Collected data:
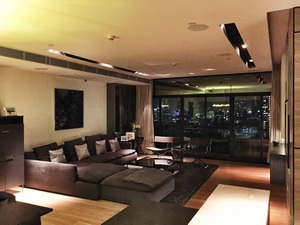 Stunt panoramic view of Bangkok 221 sq.m. 2 bedrooms + 1 study and 3 bathrooms. Balcony in every room. Semi-Furnished. One of a kind!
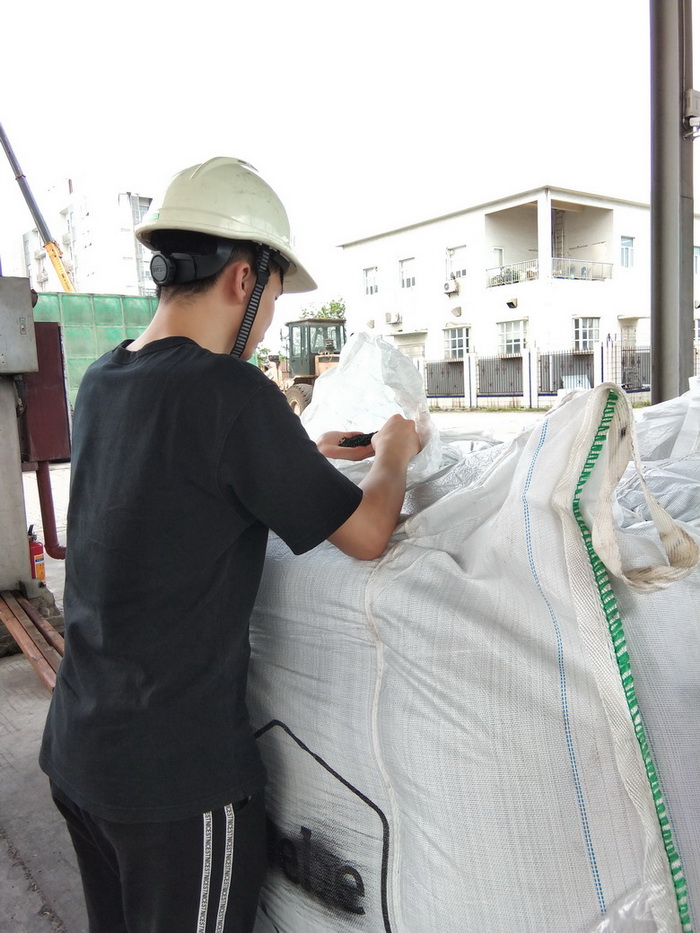 �ܽ����������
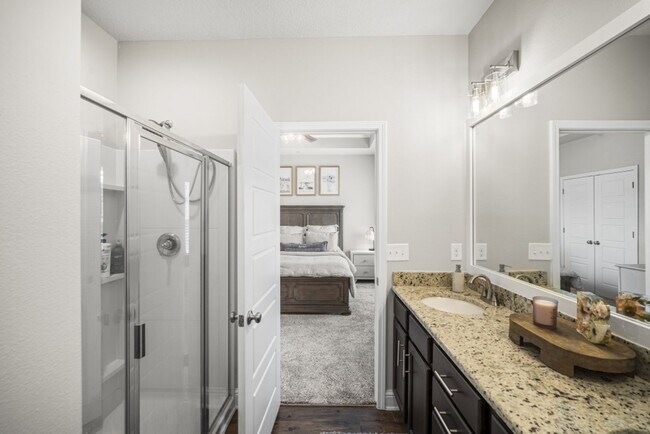 Building Photo - You’ll Fall in Love with This Upgraded Tow...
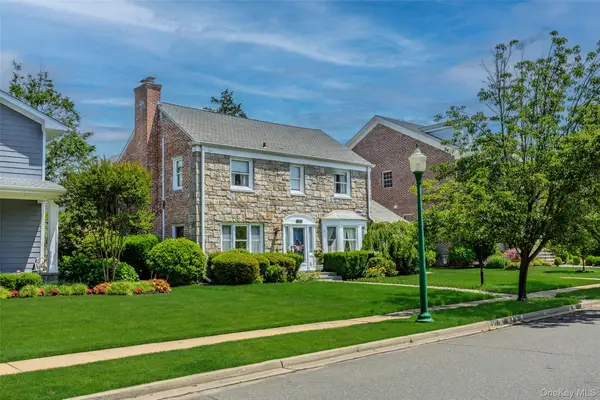 75 Bulson Road, Rockville Centre, NY 11570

What you will do:
Down to the final line, restate the material above word for word, but omit its pictures.

Exercise response:
 Stunt panoramic view of Bangkok 221 sq.m. 2 bedrooms + 1 study and 3 bathrooms. Balcony in every room. Semi-Furnished. One of a kind!
 �ܽ����������
 Building Photo - You’ll Fall in Love with This Upgraded Tow...
 75 Bulson Road, Rockville Centre, NY 11570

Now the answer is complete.